> **WORK TO COMPLETE**: Would you write out, word for word, each line of the records below from the top through the one holding "Disewakan Rumah Murah"?

MATERIAL FOR THE TASK Block Start

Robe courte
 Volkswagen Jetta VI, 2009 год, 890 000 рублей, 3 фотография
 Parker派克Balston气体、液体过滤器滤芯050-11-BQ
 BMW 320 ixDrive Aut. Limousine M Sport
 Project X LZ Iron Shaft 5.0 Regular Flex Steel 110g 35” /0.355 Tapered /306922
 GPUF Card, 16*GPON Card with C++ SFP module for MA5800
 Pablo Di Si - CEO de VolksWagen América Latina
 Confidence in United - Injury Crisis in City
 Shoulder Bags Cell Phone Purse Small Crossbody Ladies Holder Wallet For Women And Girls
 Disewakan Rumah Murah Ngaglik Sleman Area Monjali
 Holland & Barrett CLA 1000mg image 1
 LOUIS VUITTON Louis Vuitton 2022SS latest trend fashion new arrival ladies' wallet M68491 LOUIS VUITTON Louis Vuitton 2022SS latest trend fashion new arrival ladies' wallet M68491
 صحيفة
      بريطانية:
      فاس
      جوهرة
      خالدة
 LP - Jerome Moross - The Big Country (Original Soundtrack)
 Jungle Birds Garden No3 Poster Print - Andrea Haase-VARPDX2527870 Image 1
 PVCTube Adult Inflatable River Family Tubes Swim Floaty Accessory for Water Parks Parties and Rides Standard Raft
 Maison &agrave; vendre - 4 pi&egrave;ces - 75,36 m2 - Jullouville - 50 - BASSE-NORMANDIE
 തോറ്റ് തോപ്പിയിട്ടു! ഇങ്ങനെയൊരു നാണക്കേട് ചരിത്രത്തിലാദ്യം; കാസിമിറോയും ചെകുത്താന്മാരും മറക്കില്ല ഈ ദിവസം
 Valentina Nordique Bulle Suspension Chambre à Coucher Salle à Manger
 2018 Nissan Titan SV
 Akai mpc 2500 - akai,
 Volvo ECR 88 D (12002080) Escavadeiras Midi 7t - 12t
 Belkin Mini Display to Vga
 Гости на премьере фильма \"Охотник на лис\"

MATERIAL FOR THE TASK Block End

> **EXERCISE RESULT**:
Robe courte
 Volkswagen Jetta VI, 2009 год, 890 000 рублей, 3 фотография
 Parker派克Balston气体、液体过滤器滤芯050-11-BQ
 BMW 320 ixDrive Aut. Limousine M Sport
 Project X LZ Iron Shaft 5.0 Regular Flex Steel 110g 35” /0.355 Tapered /306922
 GPUF Card, 16*GPON Card with C++ SFP module for MA5800
 Pablo Di Si - CEO de VolksWagen América Latina
 Confidence in United - Injury Crisis in City
 Shoulder Bags Cell Phone Purse Small Crossbody Ladies Holder Wallet For Women And Girls
 Disewakan Rumah Murah Ngaglik Sleman Area Monjali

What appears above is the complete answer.